[camacazio]

Well as far as my equations go I didn't bother to go very in depth with the derivations. My equations start from simply the equation for length contraction (Proper length divided by gamma), and using an equation for linear accelleration for my v term in gamma. As for mass, that is not an issue in this case. I'm only dealing with length contraction, not with any sort of relativistic momentum-energy of any system. As a matter of convention, relativistic mass is a term I prefer to avoid. In my most recent special relativity class, our professor made a point of saying how some use relativistic mass, some don't. I like avoiding the term because all equations with mass in relativity involve the rest mass, a factor of gamma, and another factor. Rest mass stays the same for a particle. It's gamma times the other factor that is changing relativistically with this mindset. What changes from different values of energy and momentum is the mass of the system, but that is still different from relativistic mass. It's all the same math in the end, just how I prefer to think about it.

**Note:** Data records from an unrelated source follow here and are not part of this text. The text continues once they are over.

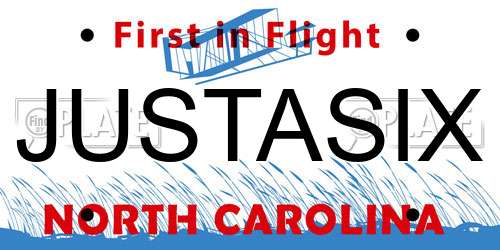 JUSTASIX North Carolina License Plate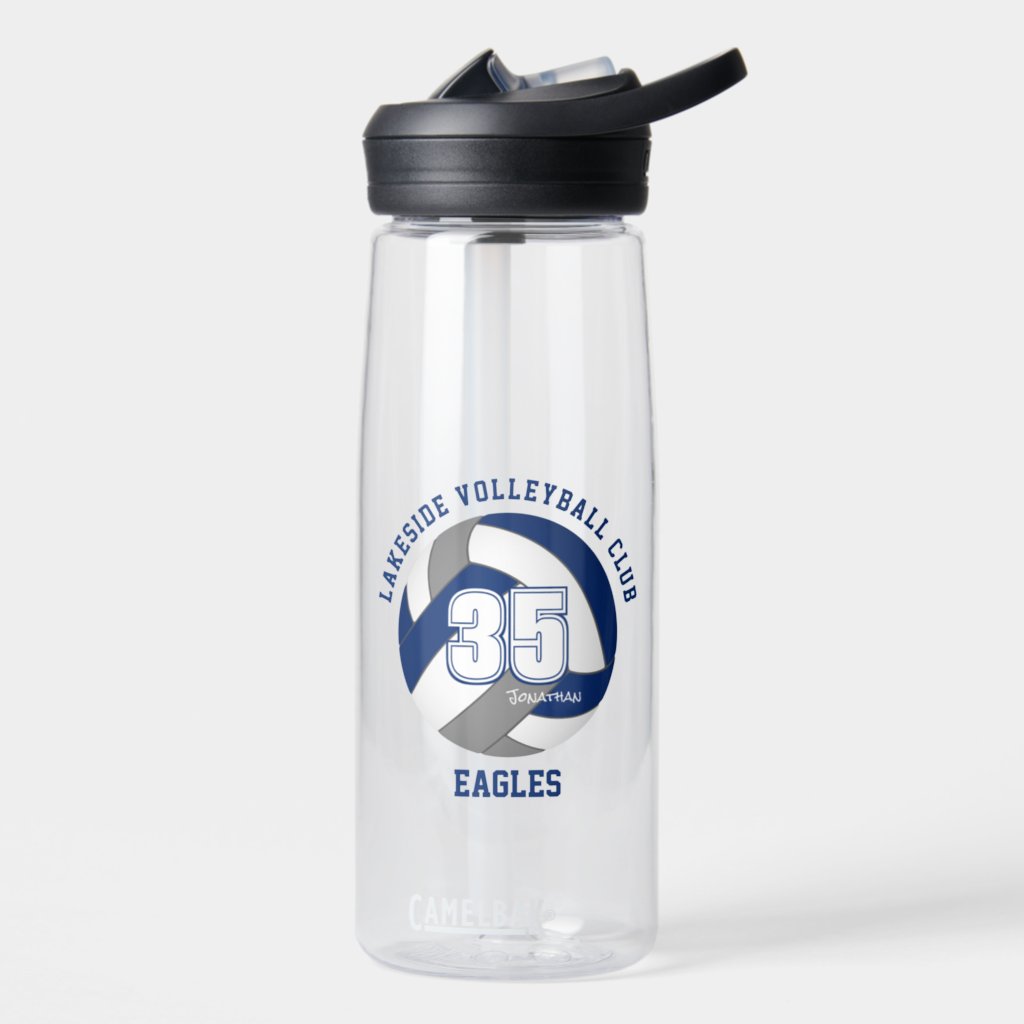 blue gray school club team colors volleyball water bottle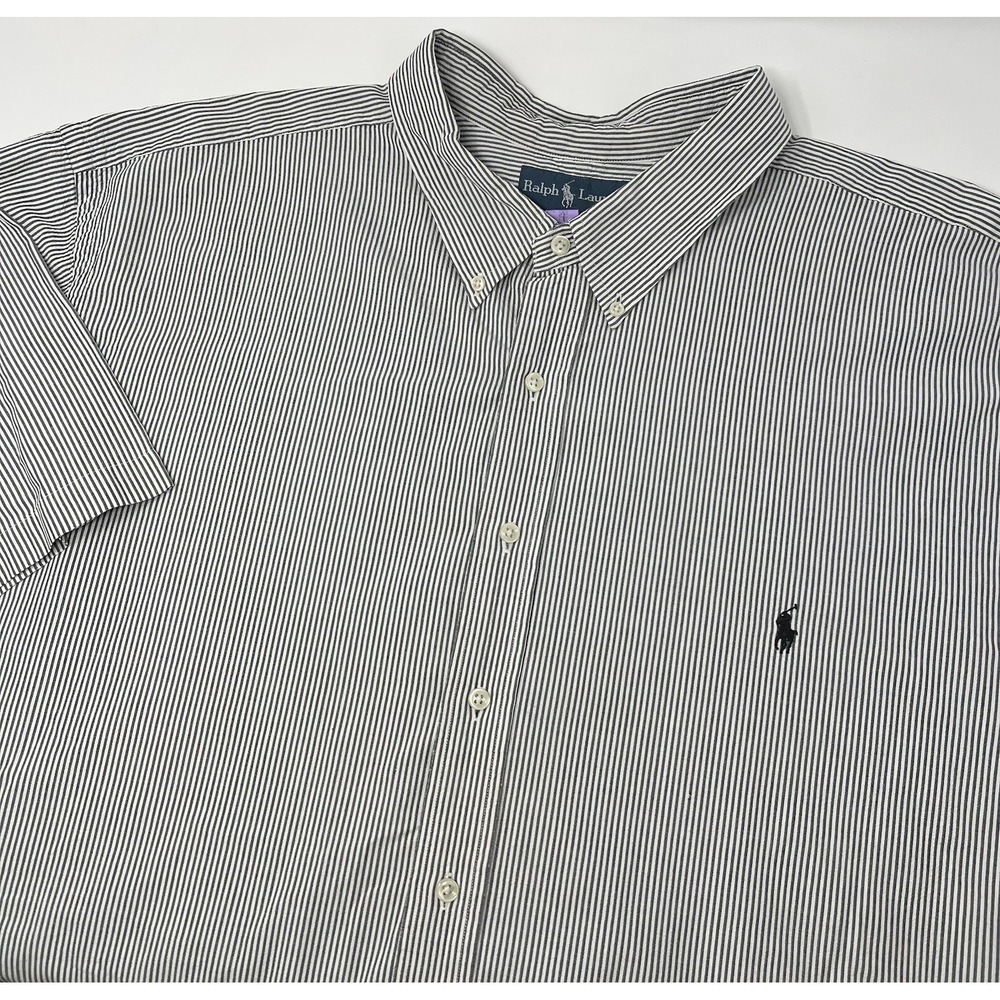 Ralph Lauren Shirt‎ Mens Classic Fit Short Sleeve Button Up Gray Striped 4XB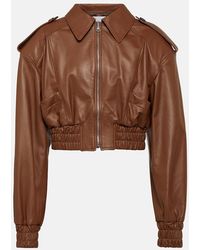 GIUSEPPE DI MORABITO - Cropped Leather Bomber Jacket - Lyst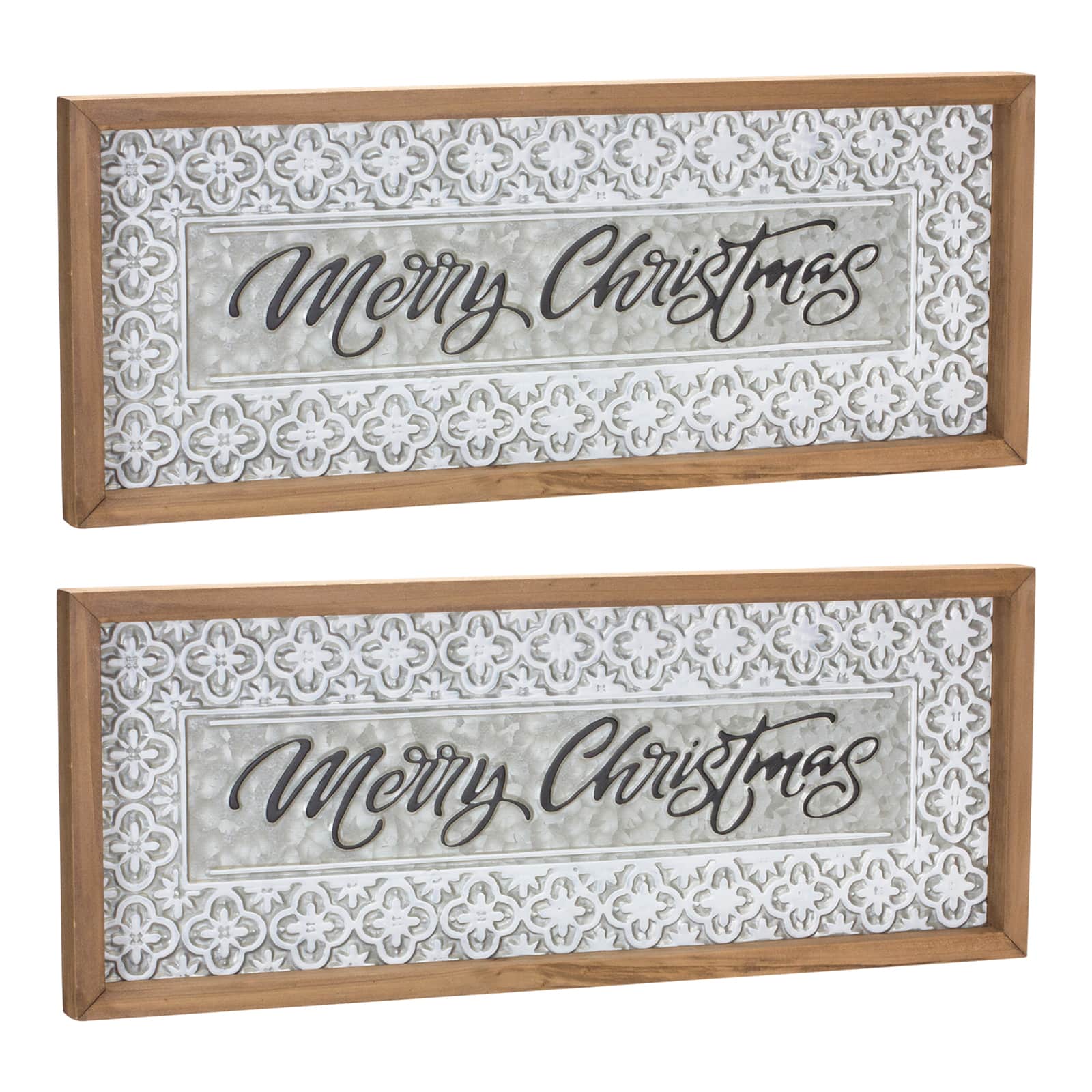 White Galvanized Merry Christmas Hanging Wall D&#xE9;cor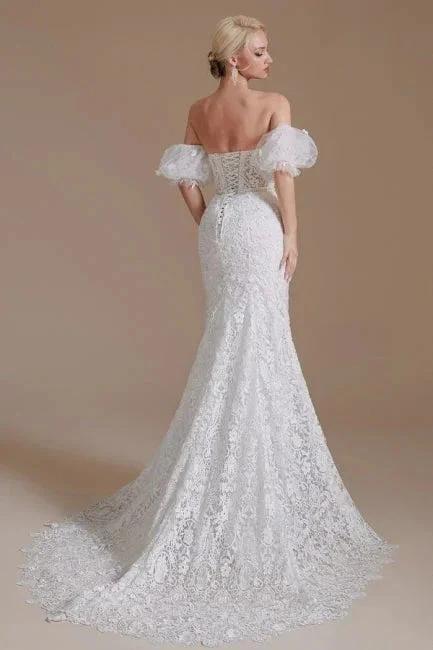 Beautiful Off-the-shoulder Sleeveless Mermaid Floor-Length Lace Wedding Dresses with Applique - Image 4
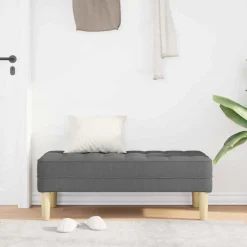 vidaXL Banco con cojín 113 x 57 x 39 cm tela Gris oscuro Best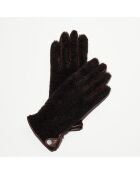 Gants en Cuir d'Agneau doublés Laine Madeleine marron foncé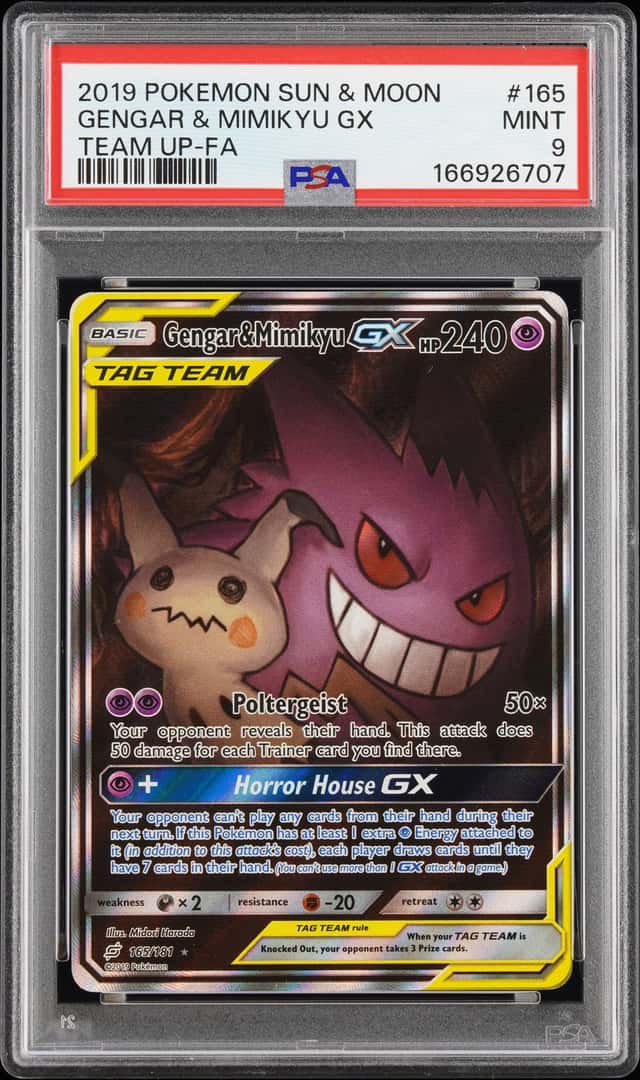 2019 Pokemon Sun and Moon Team Up Gengar/Mimikyu Gx #165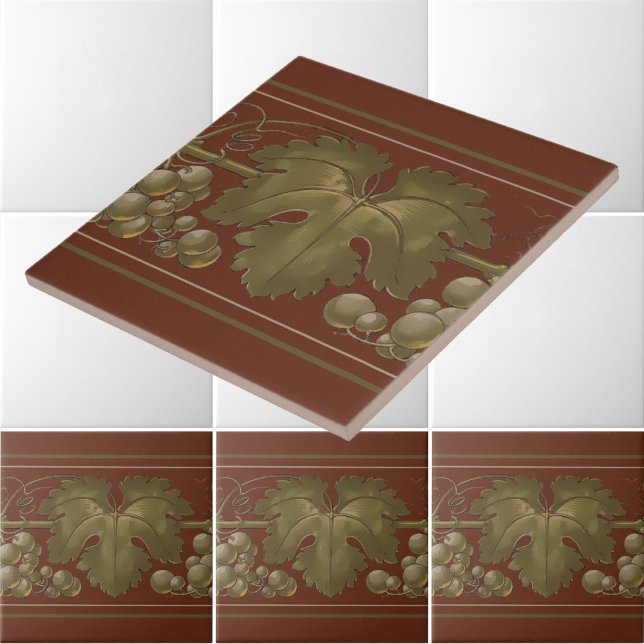 Art Nouveau Grapes on Grapevine Frieze Pattern Tile (Creator Uploaded)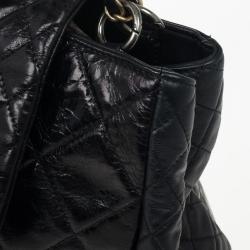 Pre Owned Chanel Black Distressed Quilted Lambskin Hobo 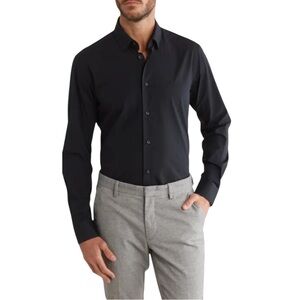 Cavalli Class Slim Fit Button Down Mens Black Shirt Italy Cotton Mens L/XL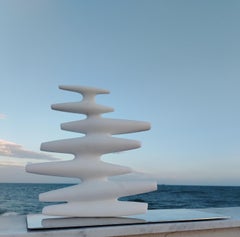 Air connection by Francesca Bernardini - Abstract sculpture, marble, organic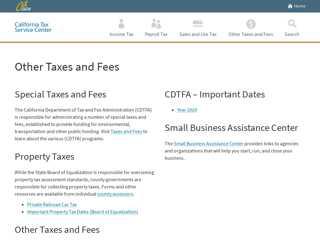 Other Taxes and Fees - California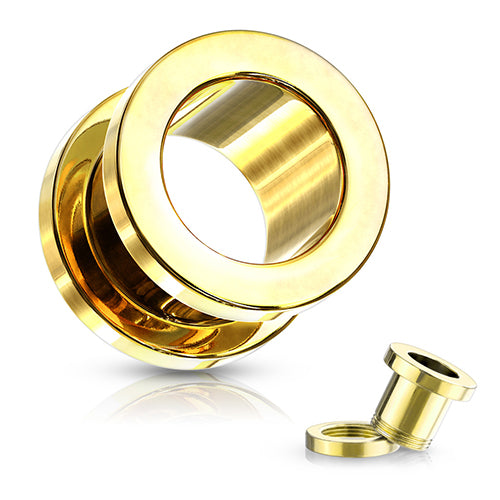 PVD Coated Screw-On Tunnels Plugs 10 gauge (2.5mm) Gold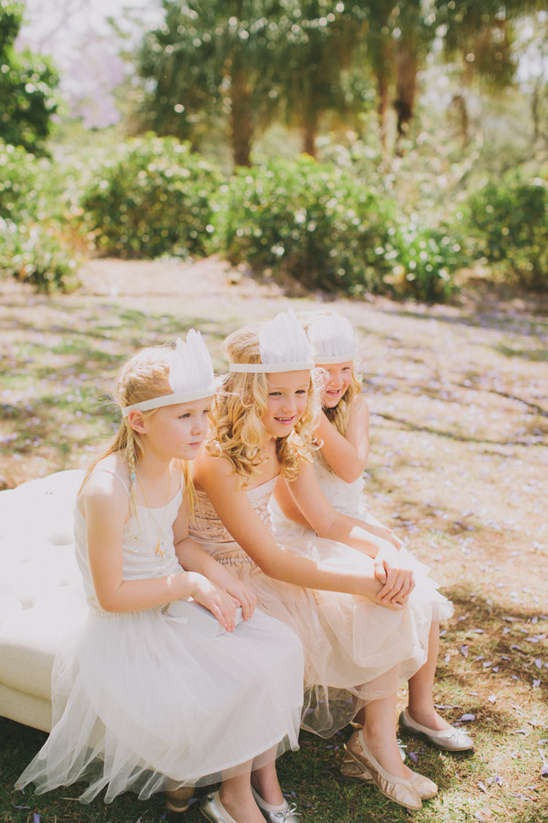 flower girls with feather headbands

If I had a better way to type out my equations I would do just that. I'll try anyway though. When something is travelling at a velocity near the speed of light with respect to our reference frame, we will see it contract in the direction of motion. The equation for this is L/gamma, where L is the proper length. Proper length is the length of the object at rest. Gamma = 1/sqrt(1-v^2/c^2). This is always a number great than one, and at velocities much below .1 times the speed of light comes out to nearly 1--for this equation, that gives proper length. For my v, I used (in this case, and with my previous letter defintions) v(t)=v-ngt, ng being the coefficient of friction. Realistically something going near the speed of light would take forever to slow down reasonably by friction, but it gave some simple equations for a case when something would slow down. I could use simply a for some constant of accelleration. What's important is the accelleration is linear to avoid a third derivative of anything. So once this constant accelleration is applied opposing the motion, such as friction, the object slows down at a constant rate. Thus, it will expand at some rate. That's what my first derivative represents. It really has no use that I can think of though.